(Beginning of Dataset excerpt)

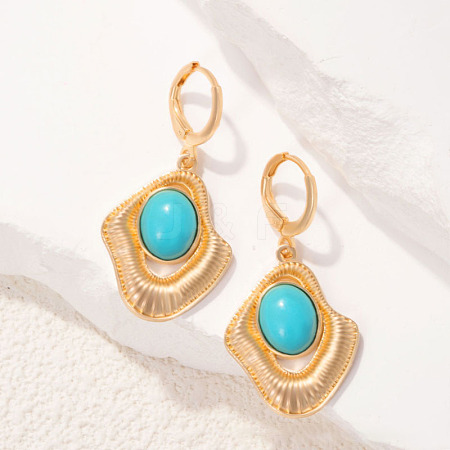 Zinc Alloy Resin Hoop Earrings FS-WG5C4FF-02-1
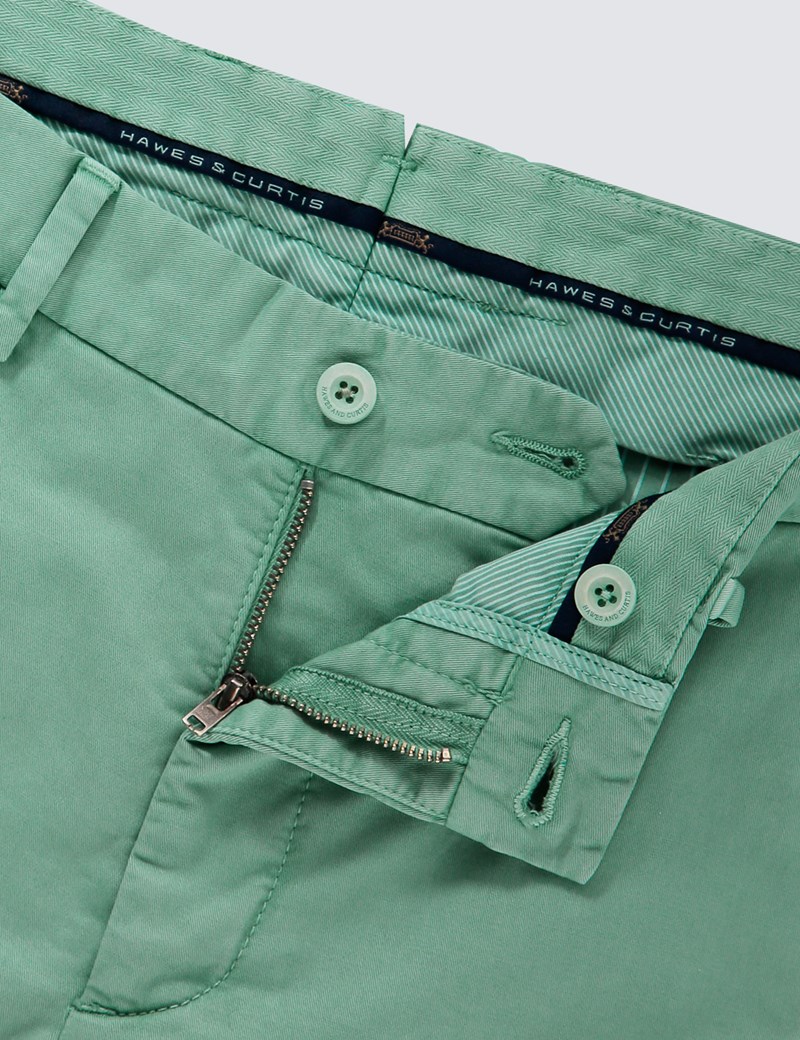 green chino shorts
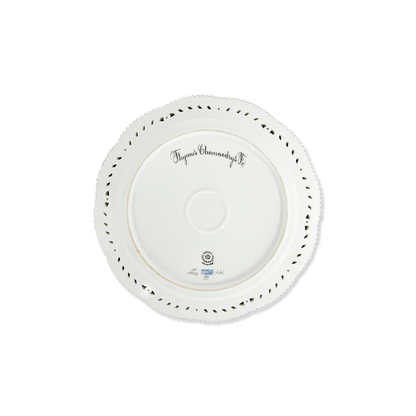 Royal Copenhagen "Flora Danica" Thymus Plate with Pierced Border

(End of Dataset excerpt)

Word for word, repeat only the lines from the line containing "green chino shorts" through the end of the data, without any pictures.

Exercise result.
 green chino shorts
 Royal Copenhagen "Flora Danica" Thymus Plate with Pierced Border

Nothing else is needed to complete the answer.